* AIM OF THE TASK *
What appears from the line containing "Etrier frana 4" to the end of the listing below should be copied exactly, with no other lines.

*** RECORDS FOR THIS EXERCISE Section Begins ***

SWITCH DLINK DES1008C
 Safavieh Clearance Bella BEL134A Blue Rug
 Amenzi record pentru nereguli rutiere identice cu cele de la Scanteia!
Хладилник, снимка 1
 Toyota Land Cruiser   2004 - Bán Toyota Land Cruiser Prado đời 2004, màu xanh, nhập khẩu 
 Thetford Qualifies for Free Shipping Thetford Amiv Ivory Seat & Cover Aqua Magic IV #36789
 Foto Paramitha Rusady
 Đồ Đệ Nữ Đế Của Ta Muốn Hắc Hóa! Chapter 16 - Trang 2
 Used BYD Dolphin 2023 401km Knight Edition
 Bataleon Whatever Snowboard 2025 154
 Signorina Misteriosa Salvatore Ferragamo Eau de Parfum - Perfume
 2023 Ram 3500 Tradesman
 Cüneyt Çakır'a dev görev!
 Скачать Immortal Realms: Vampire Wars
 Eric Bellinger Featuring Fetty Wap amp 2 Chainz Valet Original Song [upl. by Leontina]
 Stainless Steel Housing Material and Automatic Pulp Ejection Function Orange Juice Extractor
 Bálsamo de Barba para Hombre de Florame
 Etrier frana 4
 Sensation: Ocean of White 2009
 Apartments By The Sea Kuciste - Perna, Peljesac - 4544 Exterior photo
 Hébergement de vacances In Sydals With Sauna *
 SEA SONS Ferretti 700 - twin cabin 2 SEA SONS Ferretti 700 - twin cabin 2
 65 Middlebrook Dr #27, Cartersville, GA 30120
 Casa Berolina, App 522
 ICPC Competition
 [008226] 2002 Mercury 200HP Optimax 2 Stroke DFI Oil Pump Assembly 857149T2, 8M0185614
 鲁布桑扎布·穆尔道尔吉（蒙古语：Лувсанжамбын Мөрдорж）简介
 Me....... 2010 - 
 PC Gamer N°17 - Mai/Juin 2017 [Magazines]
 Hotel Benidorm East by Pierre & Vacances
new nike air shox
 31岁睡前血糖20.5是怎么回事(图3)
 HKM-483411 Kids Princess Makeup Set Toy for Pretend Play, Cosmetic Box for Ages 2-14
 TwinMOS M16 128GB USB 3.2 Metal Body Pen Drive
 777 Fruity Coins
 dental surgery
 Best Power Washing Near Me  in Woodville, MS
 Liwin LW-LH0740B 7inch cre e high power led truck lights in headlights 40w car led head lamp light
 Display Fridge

*** RECORDS FOR THIS EXERCISE Section Ends ***

* ANSWER SECTION *
 Etrier frana 4
 Sensation: Ocean of White 2009
 Apartments By The Sea Kuciste - Perna, Peljesac - 4544 Exterior photo
 Hébergement de vacances In Sydals With Sauna *
 SEA SONS Ferretti 700 - twin cabin 2 SEA SONS Ferretti 700 - twin cabin 2
 65 Middlebrook Dr #27, Cartersville, GA 30120
 Casa Berolina, App 522
 ICPC Competition
 [008226] 2002 Mercury 200HP Optimax 2 Stroke DFI Oil Pump Assembly 857149T2, 8M0185614
 鲁布桑扎布·穆尔道尔吉（蒙古语：Лувсанжамбын Мөрдорж）简介
 Me....... 2010 - 
 PC Gamer N°17 - Mai/Juin 2017 [Magazines]
 Hotel Benidorm East by Pierre & Vacances
new nike air shox
 31岁睡前血糖20.5是怎么回事(图3)
 HKM-483411 Kids Princess Makeup Set Toy for Pretend Play, Cosmetic Box for Ages 2-14
 TwinMOS M16 128GB USB 3.2 Metal Body Pen Drive
 777 Fruity Coins
 dental surgery
 Best Power Washing Near Me  in Woodville, MS
 Liwin LW-LH0740B 7inch cre e high power led truck lights in headlights 40w car led head lamp light
 Display Fridge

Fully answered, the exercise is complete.